Greek prime minister Alexis Tsipras has called for a 30% reduction of the country's debt and a grace period of 20 years as polls show the country is split ahead of the 5 July bailout referendum.
In a televised address to the nation, Tsipras urged Greeks to vote 'no' to a cash-for-reforms deal put forward by troika creditors and cited an International Monetary Fund report that supported his position.
He said: "Yesterday an event of major political importance happened. The IMF published a report on Greece's economy, which is a great vindication for the Greek government as it conforms the obvious: Greek debt is not sustainable."
Tsipras also urged Greeks to be responsible and not panic as the situation in Greece becomes polarised between the 'yes' and 'no' camps.
"Let us calmly go to the polls and make our choice by weighing the arguments, not the slogans. No to those trying to incite panic, prevent you from making a choice calmly and responsibly about your future."
He also reiterated accusations of "blackmail" levelled at the European Union, the IMF and European Central Bank.
The speech came amid new polling that showed the outcome of the referendum is too close to call.
The latest opinion poll from Greek newspaper AVGI suggests 43% of Greeks think the government should reject the bailout terms put forward by troika creditors, with 42.5% in the 'yes' camp. 9% were undecided.

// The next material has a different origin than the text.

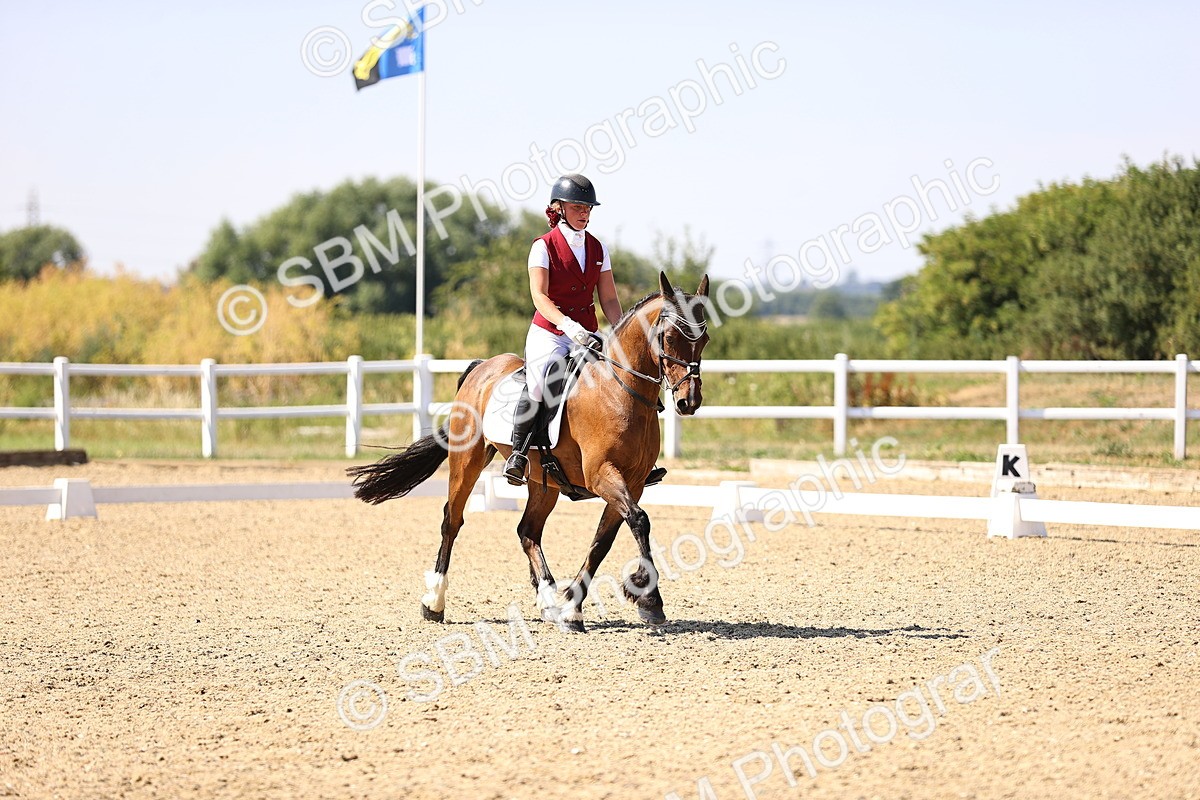 SBM_005602 - Elementary 4 Warm Up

Greek opinion on the cash-for-reform conditions appears to have changed between the announcement of the referendum and the latest poll as the plebiscite is now seen as being about the country's continued eurozone membership.
James Nixon from Oxford Economics said: "Even if Sunday's referendum delivers a 'yes' vote, the challenges to finding a solution that will preserve Greece's euro membership are substantial. The IMF has suggested that any new bailout arrangement for Greece will need to be around €60bn (£43bn, $67bn) to cover Greece's financing needs over the next three years and will need to include a significant debt write down. It is not obvious that a programme of this size would be approved by European parliaments."

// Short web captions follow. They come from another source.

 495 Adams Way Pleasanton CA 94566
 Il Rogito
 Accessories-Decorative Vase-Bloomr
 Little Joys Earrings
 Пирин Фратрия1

Tsipras' Syriza government is campaigning for a 'no' vote on the basis that it can get a better deal from Brussels. Both he and Finance Minister Yanis Varoufakis have pledged to resign if the Greeks vote 'yes'.
Failure to meet a 30 June IMF debt payment deadline led to the government closing banks until after the referendum and imposing capital controls, permitting the Greeks to withdraw a limit of €60 (£43, $67) a day.